Duke/Progress file mitigation plan with FERC

Duke Energy and Progress Energy on March 26 filed a revised wholesale market power mitigation plan with the Federal Energy Regulatory Commission (FERC) as part of their proposed merger.

The plan provides more details on the notice of intent to file a mitigation plan submitted to the North Carolina Utilities Commission (NCUC) on Feb. 22. It requests that the FERC issue orders approving the mitigation plan, the Joint Dispatch Agreement and the Joint Open Access Transmission Tariff within 60 days of the filing, and no later than June 8, 2012. The companies intend to seek final merger-related approvals from the NCUC and the Public Service Commission of South Carolina (PSCSC) prior to the July 8, 2012, merger agreement termination date.

“We believe this plan addresses the FERC’s concerns about market power in the Carolinas,” said Jim Rogers, chairman, president and CEO of Duke Energy. “We have also had constructive discussions about the mitigation plan and other merger-related issues with the North Carolina and South Carolina consumer advocates over the past several weeks, and those discussions will continue while the FERC considers this plan. We continue working to move this process forward, gain the necessary regulatory approvals and complete the transaction.”

“We believe the planned merger continues to offer substantial benefits for our customers, shareholders and communities,” said Bill Johnson, chairman, president and CEO of Progress Energy. “We are focused on securing the remaining approvals necessary to begin to deliver on the promises of this combination.”

The NCUC must also approve the merger and the Joint Dispatch Agreement in the Carolinas. The PSCSC must approve the Joint Dispatch Agreement.

The following are key elements of the mitigation plan:

The FERC filing features a permanent mitigation plan with seven transmission projects, estimated to cost approximately $110 million. The transmission projects significantly increase the power import capabilities into the Progress Energy Carolinas and Duke Energy Carolinas service areas and enhance competitive power supply options in the region.

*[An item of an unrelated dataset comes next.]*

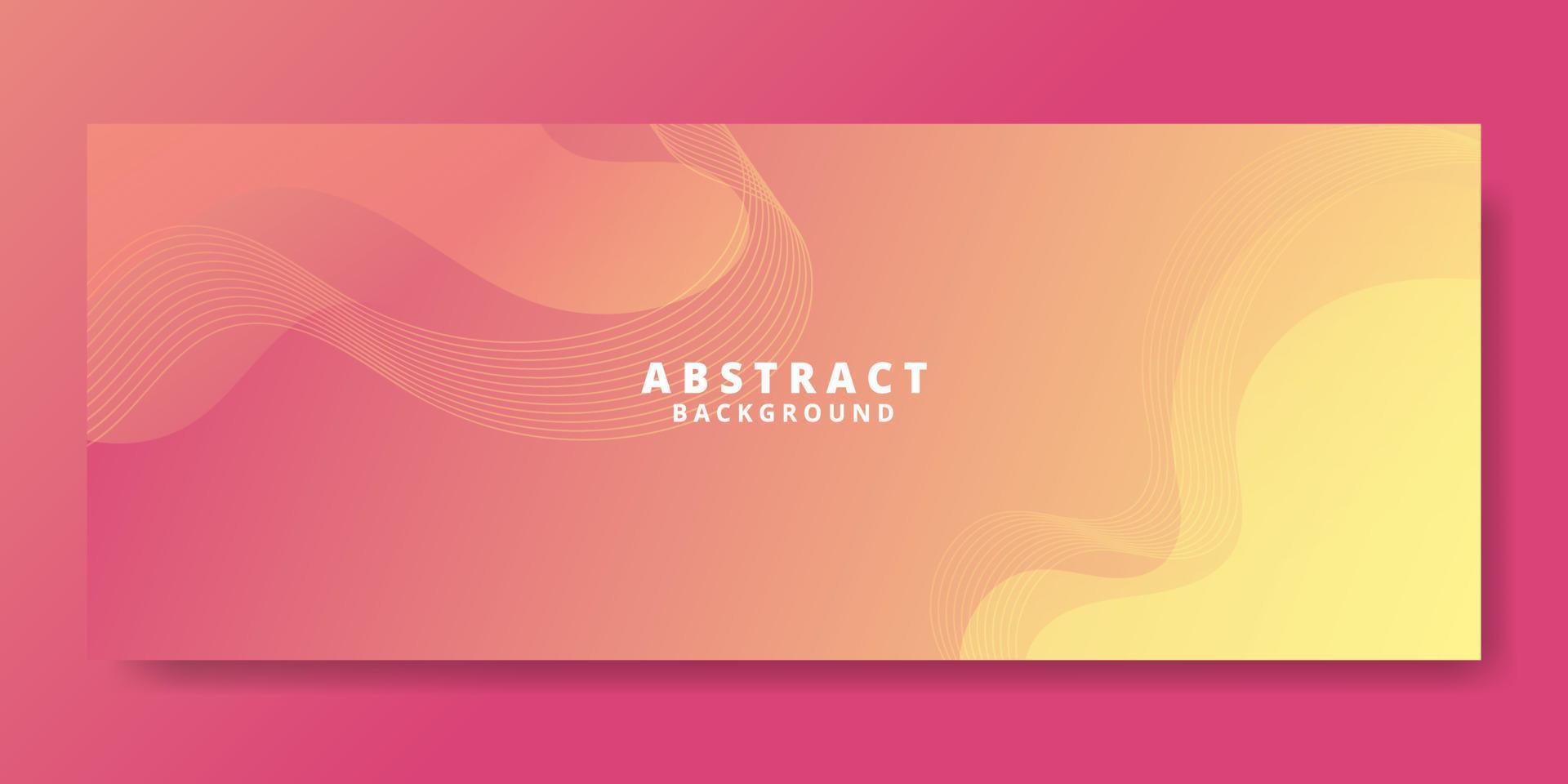 Abstract Orange Fluid Wave Banner Template vector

The proposal also features a two-to-three-year interim mitigation plan with must-deliver, must-take power purchase agreements signed with Cargill Power Markets, LLC; EDF Trading North America, LLC; and Morgan Stanley Capital Group, Inc. The companies will sell 800 megawatts during summer off-peak hours, 475 megawatts during summer peak hours, 225 megawatts during winter off-peak hours, and 25 megawatts during winter peak hours. The agreements, or similar power purchase agreements, will be in place from the date the merger closes until the transmission projects are operational.

Potomac Economics will serve as Independent Monitor of the interim power purchase agreements and a component of the permanent mitigation plan.

For planning purposes, the companies are targeting closing the merger on July 1.

To date, the companies have received merger-related approvals from, or met the requirements of the U.S. Nuclear Regulatory Commission, Kentucky Public Service Commission, and the shareholders of both companies.

Additionally, the companies have met their obligations with the U.S. Department of Justice under the Hart-Scott-Rodino Act (HSR). However, because the merger will not close by April 26, 2012 – 12 months from the expiration of the waiting period of the initial HSR filing – new HSR filings are required. The companies made new HSR filings on March 22, 2012.

Consummation of the merger is contingent upon receipt of all regulatory approvals, agreement on state regulatory issues related to the merger, and satisfaction of all of the conditions to the merger in accordance with the terms of the merger agreement.